The thinking is: Get hooked on the arts when they're young. But does this really work? Or is this a desparate strategy of an arts community in desparate need of a strategy that works in the face of the millions of other cultural options being offered to children? Is art special enough to warrant special attention? And if it is, can this attention be maintained into adulthood?
Is it possible that at some point, given the intensity of arts marketing being leveled at children, that the arts will be something that's considered child's play? Something kids do, not adults?
Our man in LA, Mike Boehm, had some thoughts on this and other things that he shared with us last week. I wanted to bring them out front for further discussion. -- J.S.
Re: marketing to Gen X: The common wisdom based on RAND and other studies is that when it comes to creating interest in the arts, if you don't catch 'em young, you lose 'em for good.Obviously, it's important to optimize marketing approaches to the cohort born in the '60s and '70s, but this is a generation that, generally speaking, got the short end of the stick in its arts education, due to assorted economic and political reasons.
They also came up at a time when the arts were being culturally marginalized. The Boomer vibe was influenced by the highbrow Kennedy "Camelot" aura and a celebrity culture in which Richard Burton and Elizabeth Taylor were the ultimate Hollywood glamour couple, and Beverly Sills, Leonard Bernstein and Nureyev and Baryshnikov were mass-media figures; the latter two not just great dancers, but Cold War heroes.
Gen X, to the extent it was paying attention, saw political leaders make a whipping boy of the NEA; they were sold Hollywood glamour couples who were not apt to lead them to Tennessee Williams and Edward Albee, and instead of the Beatles' omnivorous example of prominently using classical influences to enrich rock, they grew up with the pointless musical debate over what it meant to be a true punk, and whether music that didn't hew to some outsider Independent/Alternative party line could ever be "authentic."
I don't think anything has changed in the '80s and '90s that might have enabled kids born in those decades to get a contact high on the arts by inhaling the cultural air around them.
So: should the institutional arts groups practice a form of triage and put everything into educational programming and educational lobbying, in hopes of winning the children born in this century and the tail end of the last one?
Under this strategy, they could rope in some Gen X and Y parents via their kids, all the while praying that the Boomers and pre-Boomers now sustaining the arts as audiences and donors will live long and prosper.
Or do they spread scarce resources more thinly and target the Xs and Ys along with the oldsters and the kiddies? Not an easy call.

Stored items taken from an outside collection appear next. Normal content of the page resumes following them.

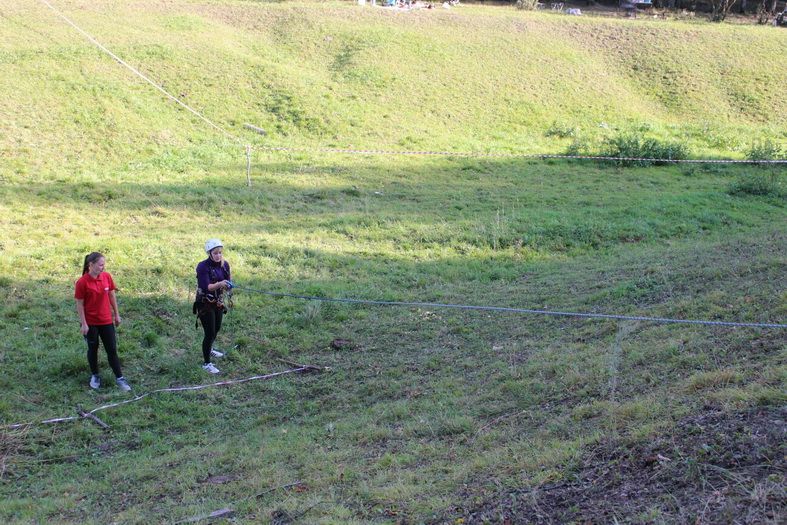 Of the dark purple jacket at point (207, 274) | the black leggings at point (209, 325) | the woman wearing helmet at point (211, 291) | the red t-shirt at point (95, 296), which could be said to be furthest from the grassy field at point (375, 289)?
the dark purple jacket at point (207, 274)

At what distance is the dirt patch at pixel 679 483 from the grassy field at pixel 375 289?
22 millimetres

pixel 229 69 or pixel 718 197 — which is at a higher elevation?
pixel 229 69

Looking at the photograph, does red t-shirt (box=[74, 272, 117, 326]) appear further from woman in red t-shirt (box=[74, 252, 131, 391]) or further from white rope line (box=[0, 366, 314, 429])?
white rope line (box=[0, 366, 314, 429])

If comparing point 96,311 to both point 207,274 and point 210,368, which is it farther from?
point 210,368

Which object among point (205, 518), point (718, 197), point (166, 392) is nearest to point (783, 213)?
point (718, 197)

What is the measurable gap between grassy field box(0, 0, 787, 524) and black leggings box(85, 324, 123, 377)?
0.33 meters

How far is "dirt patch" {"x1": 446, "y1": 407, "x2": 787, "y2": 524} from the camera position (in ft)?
13.5

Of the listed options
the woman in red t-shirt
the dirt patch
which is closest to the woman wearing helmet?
the woman in red t-shirt

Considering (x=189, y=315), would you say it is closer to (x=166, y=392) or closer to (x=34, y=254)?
(x=166, y=392)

Overhanging the arts, along with society as a whole, is whether America's leaders tackle the health care and Social Security crises in a way that avoids all-out generational warfare and reaches an equitable and economically sustainable solution.
Suggestion for cultivating Gen X-Y and doing a worthy deed: lifetime passes to museums, theaters and concert halls for Iraq War veterans. Maybe lifetime newspaper subscriptions, too.